Securing private investment in green growth
Bruno Berthon
Managing Director, Accenture Strategy, Digital Strategy and Europe, Africa, Middle East and Latin AmericaBruno Berthon writes about private investment in green growth, as part of a series of blog posts linked to the Green Investment Report 2013
After Hurricane Sandy, devastating storms in the Philippines and a spate of record drought across the globe, climate change came back on the agenda in 2012. There are now signs of increased political appetite to confront the issue. As is clearly illustrated by the World Economic Forum’s Global Risk 2013 report, greenhouse gas emissions and a failure to adapt to climate change remain key risks on the minds of business and policy leaders.
In this context, it is significant that The Green Investment Report 2013, launched by the Green Growth Action Alliance, provides an optimistic assessment of the prospect for supplying the global investment we need to deliver the low-carbon future we can’t afford to live without.
The Green Growth Action Alliance was founded at the 2012 G20 meeting in Mexico and is a collaboration of over 50 business, governments, civil society and international organizations aimed at securing investment for green growth. The Report, the first formal output from the Alliance, is just one of many ways in which the Alliance is looking to advance the green growth agenda. Its members are also collaborating on initiatives that aim to prove the efficacy of financing green growth, from energy efficiency to renewable energy and climate-smart agriculture.

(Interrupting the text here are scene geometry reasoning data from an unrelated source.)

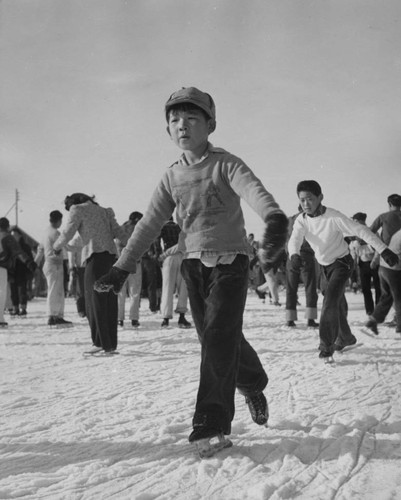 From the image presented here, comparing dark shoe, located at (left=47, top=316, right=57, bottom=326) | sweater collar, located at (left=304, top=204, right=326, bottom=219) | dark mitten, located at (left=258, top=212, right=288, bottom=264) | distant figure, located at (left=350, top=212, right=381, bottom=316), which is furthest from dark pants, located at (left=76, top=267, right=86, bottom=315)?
dark mitten, located at (left=258, top=212, right=288, bottom=264)

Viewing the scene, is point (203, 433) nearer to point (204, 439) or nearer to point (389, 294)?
point (204, 439)

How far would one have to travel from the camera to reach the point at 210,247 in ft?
9.39

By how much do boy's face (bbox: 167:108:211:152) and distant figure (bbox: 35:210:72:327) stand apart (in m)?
6.95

Let’s be clear. Real progress has been made in driving global investment in renewable energy. In 2011, such investment reached US$ 257 billion, 93% higher than in 2007, the year before the economic crisis. But more is needed.
The Report estimates the investment required in a range of infrastructures to support population growth to be US$ 5 trillion per year. But this “business-as-usual” spending would be damaging to the environment. The Report suggests that a further US$ 700 billion per year is needed to make that investment sustainable. And that shortfall needs to be made up through the innovative use of existing public funds that leverage or “crowd in” private sector funds. With the right tools, leverage factors for public to private sector spend can reach levels of 1:10. This helps to create a shift in mindset from one focused on the shortfall in public sector lending to one that highlights the private sector opportunity.
To achieve the transition required, the priority, as stated by The Green Investment Report, is for government, business and public finance leaders to work together to accelerate the transition to investment-grade policy frameworks and encourage the development of targeted public finance.
Failing to shift from conventional investments to green alternatives has the potential to “lock in” inefficient high-emission technologies for the next 30 to 50 years. That is not just environmentally unsustainable, it is economically unsustainable as well.
Author: Bruno Berthon is the Global Managing Director, Strategy and Sustainability Services at Accenture. Accenture is a member of the Green Growth Alliance.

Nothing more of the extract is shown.